Месяц неисцелимых

Фото А.ИВАНИШИНА
Фото А.ИВАНИШИНА

Над угодьями тургеневских Ислаевых из “Месяца в деревне” в МХТ имени А.П.Чехова разверзлись хляби небесные: льет бесконечный дождь, словно в каком-нибудь норвежском Бергене, набухает от воды и гниет сено (художник Владимир Арефьев), как бесхозяйственно может гнить оно только в России, мокнут и без того слегка подмоченные репутации героев. Все это декадентски красиво (свет, поставленный Дамиром Исмагиловым, на протяжении четырех часов творит не надоедающие чудеса), но всеобщий упадок при этом остается упадком. У землевладельцев Ислаевых запустенье, по мысли режиссера Егора Перегудова, проникло не только в хозяйство – с душевной гармонией дело здесь обстоит не лучше.

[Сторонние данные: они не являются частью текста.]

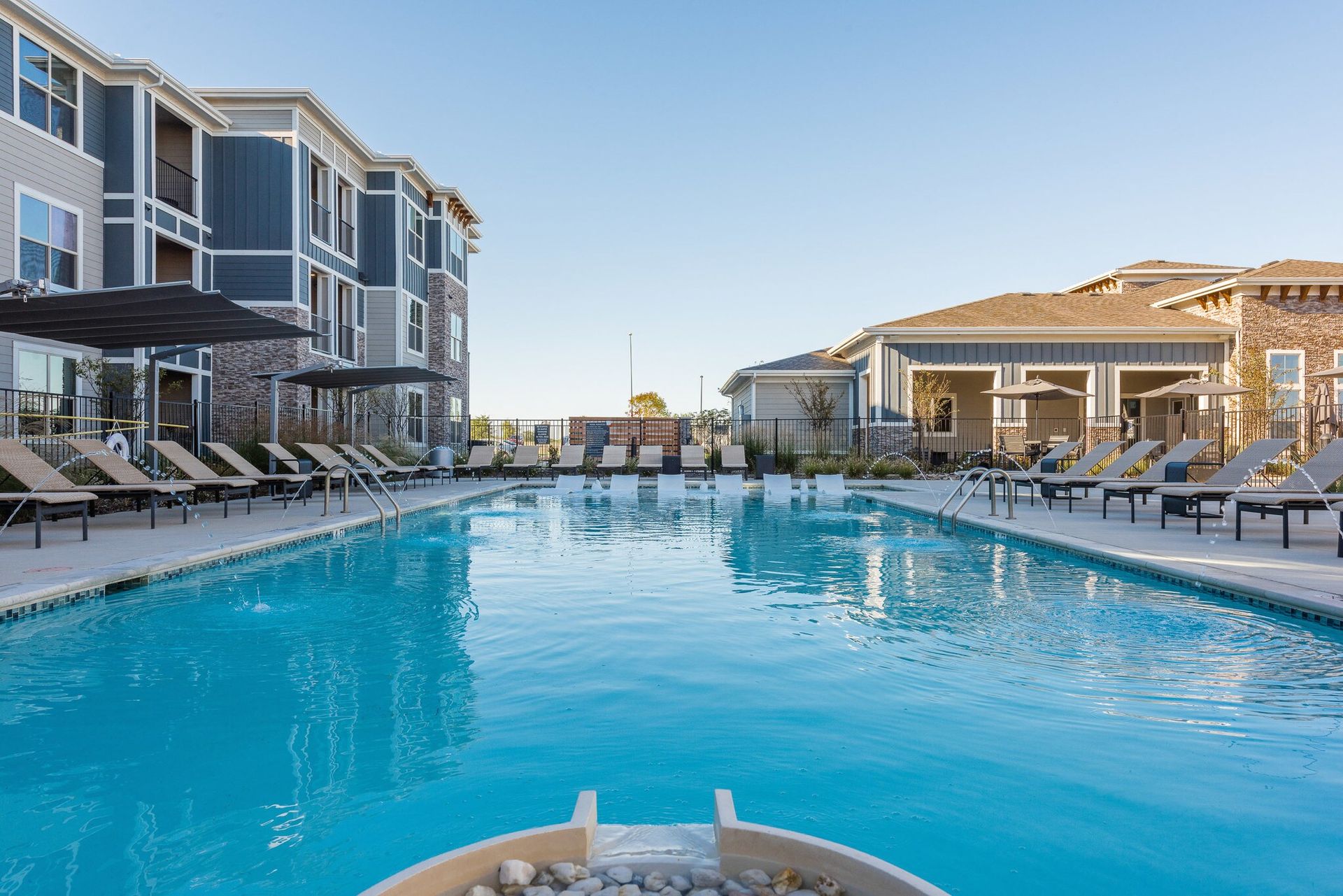 Outdoor community pool with lounge chairs beside apartment buildings.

Нервы у всех на пределе, что явствует уже из первой сцены перед занавесом – доктора Шпигельского (Павел Ворожцов) один за другим облепляют герои со своими истерическими возгласами, и тому ничего не остается, как прописать им всем продолжительный вояж на лоно природы. Так возникает “месяц в деревне” – с ежедневными дыхательными упражнениями собираемых по утрам в общий круг и руководимых доктором персонажей, с неизменными ободрениями: “дышите носиком”.

Повествуя в программке к спектаклю об убеждении Тургенева и его современников в несценичности пьесы “Месяц в деревне” (автор настаивал на жанре “повесть в драматической форме”), создатели нынешней постановки отводят почти шесть страниц на выписывание подряд ремарок (да и то не всех), утверждая, что из них могла бы сложиться отдельная история. Остроумный ход лишь подчеркивает общую проблему постановки – сосредоточенность на частностях и нюансах, избыточность режиссерской фантазии, когда даже из вспомогательного проходного диалога непременно выращивается минисюжет, то элегантный, а то и сомнительного вкуса. В каскаде постановочных изобретений Егора Перегудова ощущается его насмотренность и влияние крупнейших мировых режиссеров, что само по себе вызывает уважение. Однако ощущение перегруженности второстепенным – притом что сокращены четверо персонажей пьесы, в частности Анна Семеновна Ислаева и немец-гувернер Шааф, – не оставляет. Скажем, когда всё (и все) вокруг уже и так хлюпает от воды, стоит ли выливать на героев пару ведер молока?..

Возможно, впрочем, что молоко – лишь очередная, необходимая режиссеру краска в палитре деревенских запахов этого спектакля, оказывающихся серьезным испытанием для зрителя-аллергика, как, в сущности, и летняя природа российской средней полосы.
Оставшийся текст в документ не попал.